Our book for this week is Eight Days, A Story of Haiti written by Edwidge Danticat and illustrated by Alix Delinois. Last month we also featured a book by Edwidge Danticat, Mama’s Nightingale: A Story of Immigration and Separation, in recognition of our themes on civil rights. We have previously featured other educator’s guides and reviews on books about Haiti, including Serafina’s Promise by Ann E. Burg, Krik? Krak! also by Edwidge Danticat, and In Darkness by Nick Lake. This last book, In Darkness, is a Young Adult novel that follows a very similar story line to that of Eight Days, A Story of Haiti. This may be useful for educators interested in pursuing these themes with older students.
Eight Days, A Story of Haiti tells the story of a young boy who is trapped under his house for eight long days following Haiti’s 2010 earthquake. In order to keep his spirits high and make the time pass, he daydreams of running and playing in the sunshine, scenes which have been beautifully illustrated by Delinois to “reflect the beauty of Haitian life before the earthquake, and what is possible for the future.” Despite living through a terrifying experience, the child protagonist embodies hope and potential.
Danticat is originally from Haiti and frequently writes children’s, young adult and adult books on themes of Haiti or Haitian-Americans. Many of Danticat’s stories often include autobiographical elements, as well as contemporary, sociopolitical information about Haiti. Thus, Danticat’s Eight Days, A Story of Haiti, as well as many of her other books, would be a perfect way to teach a lesson on Haiti’s 2010 earthquake, or other more current events and conditions in Haiti.
At the back of Eight Days, A Story of Haiti, Danticat includes a note from the author where she explains how she found out about Haiti’s earthquake on January 12, 2010, including her frantic worries for friends and family back home, and the concern of her two young daughters, who visited Haiti every year of their young lives. At this moment, Danticat reflects on the differing versions of Haiti that she and her daughters will remember, one before the earthquake and one after. This story beautifully and tragically captures both perspectives. (Image to the left: The statue of the unknown maroon, also known as the “Neg Maron”, a landmark in Haiti. The statue survived the earthquake, but instead of remaining a familiar site for relaxation and play in the middle of a public plaza, as illustrated in this image, the space became full of makeshift shelters for people who lost their homes during the earthquake.)
Danticat’s author’s note, as well as the story itself, portrays the magic and promise of young children, and the tragedy of their potential cut short:
“They are everywhere, Haiti’s precious and beautiful children. You see them on rooftops—where there are rooftops—flying kites. You see them gathered in small groups on the ground—where the ground is not muddy—playing marbles. You see them link hands and run in a circle while singing the song associated with the won, the Haitian equivalent of ring-around-the-rosy. You see them twirl a bicycle wheel with a bent rope hanger, and in that act you can see the dream of one day actually driving the rest of the bike, or a motorcycle, a car, or an airplane.”
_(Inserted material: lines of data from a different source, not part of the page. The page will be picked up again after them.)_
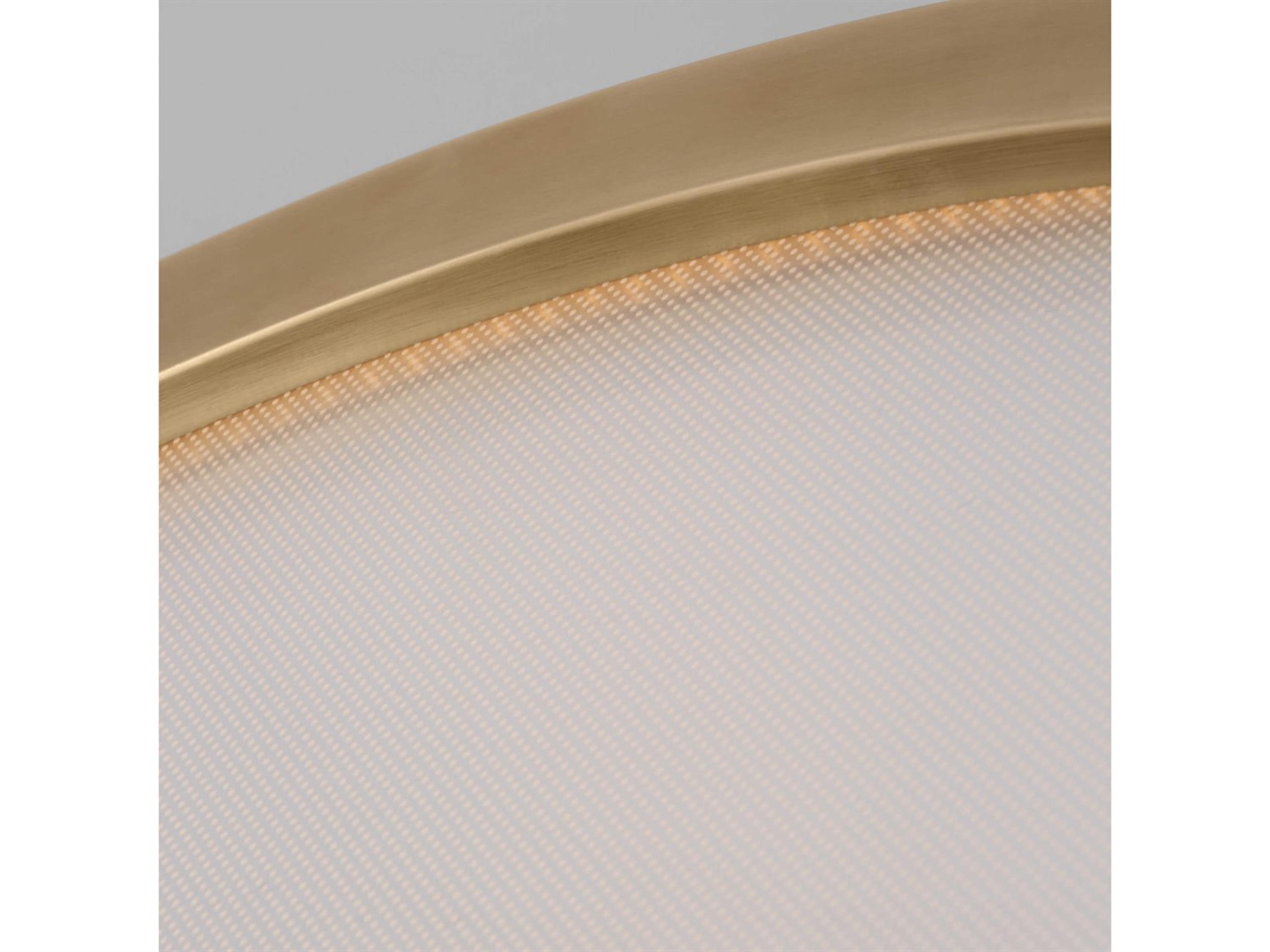 Visual Comfort Modern Cerne 1-Light Natural Brass Round Flush Mount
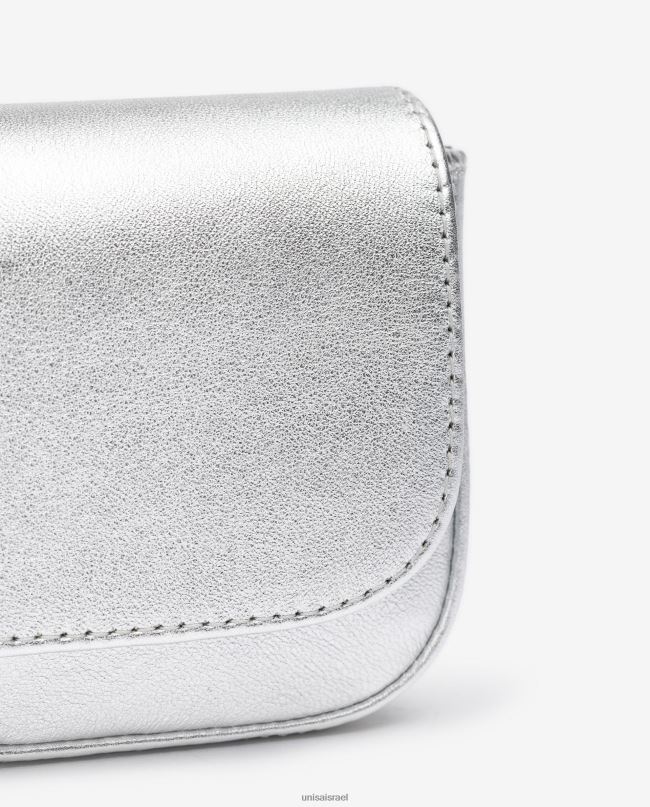 Unisa תיק צד עור באפקט מתכתי כסף נשים V2BP21212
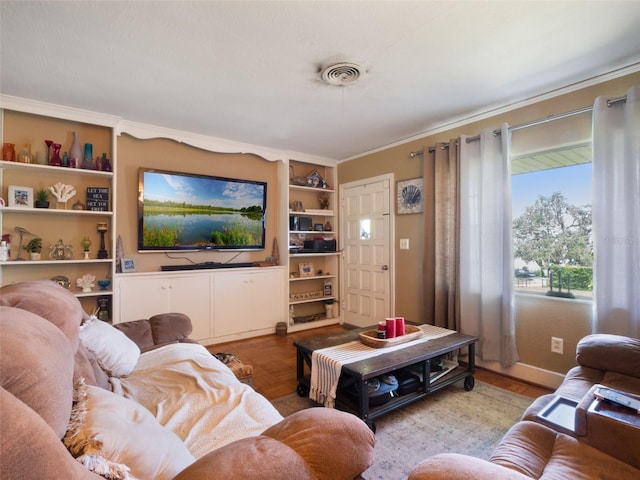 12130 Lakeshore Dr, Clermont, FL 34711 - living area featuring ornamental molding and built in shelves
These joyful acts of play are described and illustrated on each page of Danticat’s story, as the male protagonist waits to be rescued from the rubble and envisions Haiti before the earthquake.
The illustration on the first page of the book shows the young boy after having been pulled out of the rubble, being interviewed by foreign reporters and television crew, many of whom are Caucasian. This calls attention to the international reaction that Haiti’s 2010 earthquake prompted, and particularly to the predominance of Western interventions. For older students, this could inspire a discussion about the implications of outside interventions.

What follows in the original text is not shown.